Day 4 of officially being on the site for the excavation of the Roman villa in Artena, Italy, and I don’t think I have ever witnessed souls leave their physical bodies on such an intense scale before now. The scorching heat, horrific bugs that have never seen the light of day before being so unceremoniously thrusted out of the dirt by our trowels, dirt in literally everything (including your teeth), and mysteriously-appearing bruises on every single inch of your body: this is what a Mediterranean archaeological excavation is made up of, and maybe the blood, sweat, and tears of the poor undergrads slaving away.

italy entry 3.jpg

(Our cliche photo of our boots together.)


Slight joking aside, we have been having a surprisingly good time here in Artena. The little medieval town is built into a mountainside, and is so unlike anything any of us have ever experienced. You can only go up the mountain so far with cars, and the rest of the way is either on foot or by donkey! It’s beautiful but very strange, with very few people ever really out and about. Hours of business are also very vague and prone to change without notice, but there aren’t really enough businesses in the town (or people, for that matter) to make a fuss.

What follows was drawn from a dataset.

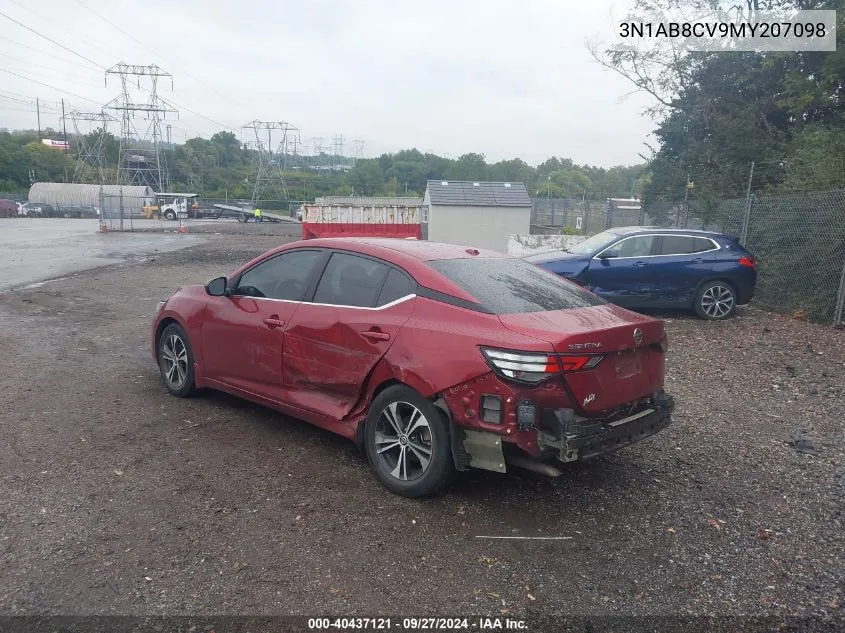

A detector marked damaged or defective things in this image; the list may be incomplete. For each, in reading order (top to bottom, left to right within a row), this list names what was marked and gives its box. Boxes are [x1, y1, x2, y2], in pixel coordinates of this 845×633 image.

damaged red car [152, 239, 676, 496]
damaged rear bumper [536, 392, 676, 462]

This seems to be the custom in Italy but simply exaggerated in small towns like this one.


The dig site itself has been including much more initial, pre-excavation work than I think any of us had seriously anticipated. We have spent this entire first week simply removing old tarp coverings from various areas of the site, and cleaning underneath. I did not think that dirt was able to physically accumulate to such a degree in just one short year. We’ve carefully cleaned and brushed off literal tons of dirt, along with stone blocks, cement pieces, and broken tile pieces. Occasionally, one of us will find something interesting like a piece of pottery or a fragment of bone, but so far, nothing worthwhile.

The museums in and surrounding Artena are very interesting. Professor Gadeyne has taken us to one so far, as well as shown us pictures and talked about the other museums. Plenty of pieces within the museum are actually pieces that have been found at our little Roman villa site! It truly shows us future anthropologists, art historians, and geologists what all of our hard work in the field will accumulate towards. Our pieces have been preserved perfectly with descriptions and background histories that accompany them all, which make for interesting – if difficult – reads in Italian.


So far, Professor Gadeyne has been good to us, with authentic Italian meals, interesting lectures about the histories of our area as well as the overall histories of Rome, and a few good laughs here and there. If all continues to go like it has been, we are looking at a successful, enriching, and exciting abroad opportunity for us three American girls and our European peer.